Der Mannschaftsarzt einer Fußballmannschaft sagte zum Thema Doping :
"Doping im Fußball bringt nix - das Zeug muss in die Spieler !"


Der Teufel besucht Petrus und fragt ihn, ob man nicht mal ein Fußballspiel Himmel gegen Hölle machen könnte. Petrus hat dafür nur ein Lächeln übrig: "Glaubt ihr, dass ihr auch nur die geringste Chance habt? Sämtliche guten Fußballspieler sind im Himmel: Pele, Beckenbauer, Charlton, Di Stefano, Müller, Maradona, Ronaldo... " 
Der Teufel lächelt zurück: "Aber wir haben die Schiedsrichter!"


Fußball-EM in Paris. Eine leichtes Mädchen hat sich auf den linken Oberschenkel das Gesicht von Maradonna und auf den rechten das von Rummenigge tätowieren lassen.
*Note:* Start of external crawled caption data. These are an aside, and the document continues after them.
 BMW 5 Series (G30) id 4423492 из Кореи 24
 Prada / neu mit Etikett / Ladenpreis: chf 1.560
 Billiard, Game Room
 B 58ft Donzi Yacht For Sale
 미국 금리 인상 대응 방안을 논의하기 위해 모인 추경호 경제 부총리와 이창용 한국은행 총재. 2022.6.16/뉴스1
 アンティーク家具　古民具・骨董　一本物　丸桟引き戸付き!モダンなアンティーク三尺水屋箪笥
Zu jedem Kunden sagt sie: "Wenn du errätst, wer das ist, kostet es nichts."
Der erste sagt: "Maradonna kenne ich, den anderen nicht."
Der nächste sagt: "Rummenigge kenne ich, den anderen nicht."
Der dritte sagt: "Die beiden rechts und links kenne ich nicht, aber der in der Mitte, das ist Paul Breitner !"


Ein Fußballnationalspieler wird gefragt, was er an diesem Sport so schön fände.
"Das Spielen ist schön, das Geld ist auch gut, aber am meisten Spaß macht es mir, mich vor 20 Millionen Zuschauern am Sack zu kratzen..."
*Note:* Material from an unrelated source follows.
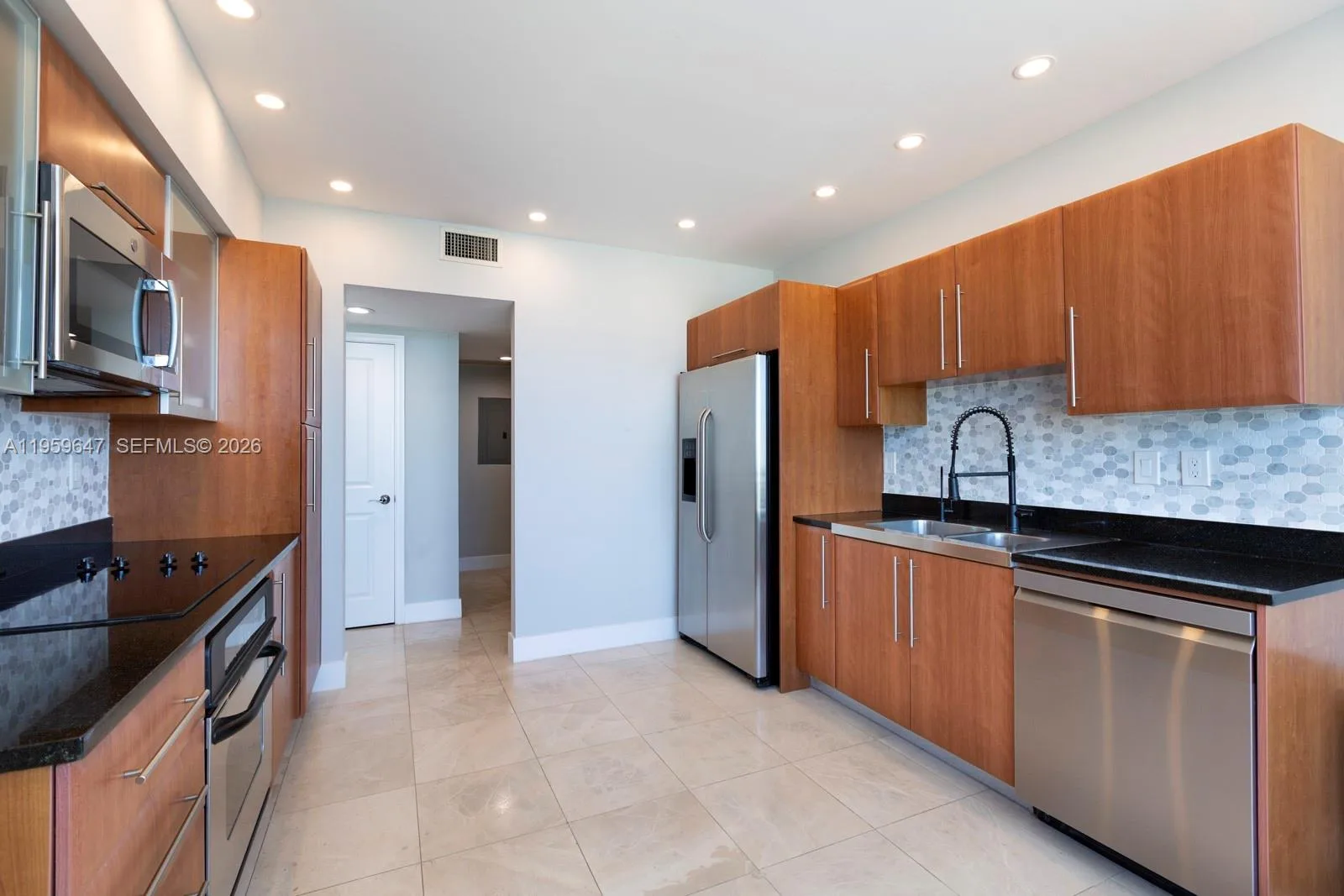 610 W Las Olas Blvd # 2014N, Fort Lauderdale, FL 33312 photo 13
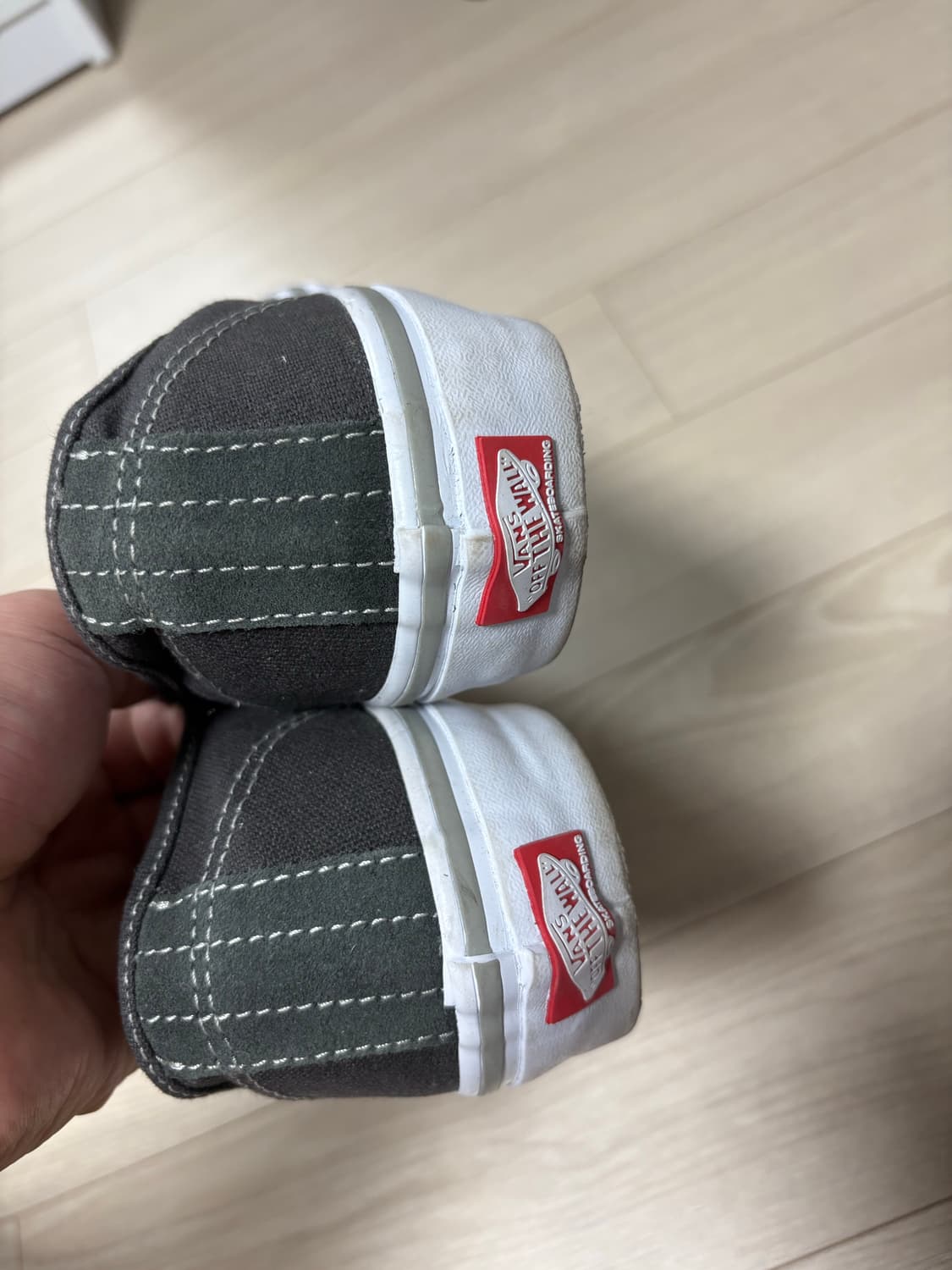 반스 스케이트 어센틱 다크그레이 250 상품이미지5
Nach einer peinlichen 6:1-Auswärtsniederlage gegen die Bayern beschließt Werders Arnautovic, sich zu verkleiden, um am Flughafen nicht erkannt zu werden. Mit Perücke, Bart und Sonnenbrille spaziert er durch die Abfertigungshalle. Da spricht ihn eine alte Dame an: "Hallo Marko !" Der Ertappte fragt völlig verblüfft : "Mein Gott, wie haben Sie mich denn erkannt?" - "Pssst, nicht so laut. Ich bin`s, der Schaaf !"

Uli Hoeneß zu Mario Basler: "Einem guten und fleissigen Spieler zahlen wir auch gerne ein hohes Gehalt." 
Basler: "Hab ich mir doch gleich gedacht, dass da was faul ist."
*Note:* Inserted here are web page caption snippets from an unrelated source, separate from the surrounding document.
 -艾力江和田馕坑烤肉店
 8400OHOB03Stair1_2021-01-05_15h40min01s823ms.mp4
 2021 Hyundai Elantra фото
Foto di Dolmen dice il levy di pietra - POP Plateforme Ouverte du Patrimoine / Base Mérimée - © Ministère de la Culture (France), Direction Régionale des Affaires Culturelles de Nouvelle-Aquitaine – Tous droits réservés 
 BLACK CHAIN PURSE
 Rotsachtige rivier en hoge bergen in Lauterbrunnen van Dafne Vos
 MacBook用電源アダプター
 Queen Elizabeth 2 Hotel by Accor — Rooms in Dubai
Mario Basler wird gefragt: "Wissen Sie eigentlich, dass Sie viel mehr verdienen als Helmut Kohl?" 
Seine Antwort: "Das mag schon sein, aber haben Sie Helmut Kohl mal Fußball spielen sehen?"*


*Und der schlimmste zum Schluss :*

*Frohes Ereignis im Fußballverein - der Mittelstürmer hat Nachwuchs bekommen. 
Bei der feierlichen Taufe gleitet dem Pfarrer am Taufbecken das Kind aus der Hand ! 
Doch der Torwart, der als Pate daneben steht, reagiert blitzschnell, hechtet und fängt das Baby kurz vor dem harten Marmorboden auf. 
Im Kirchenschiff kommt Applaus auf wegen der tollen Reaktionsfähigkeit des Torwarts. 
Dieser tippt zweimal auf und schlägt weit ab ...*


----------



## comatron (9 März 2013)

Den Breitner sieht man heute aber nicht mehr so oft.


----------



## Max100 (10 März 2013)

Was für ein Spaß, habe mich köstlich amüsiert:thumbup:


----------



## Punisher (10 März 2013)

so fängt der Tag gut an


----------



## SteveOu (22 März 2013)

haha :thx:


----------



## qwertzi (22 März 2013)

*Spass muss sein :thx::thx::thx:*


----------



## alexkingston (30 März 2013)

Haha Brilliant. Yes?


----------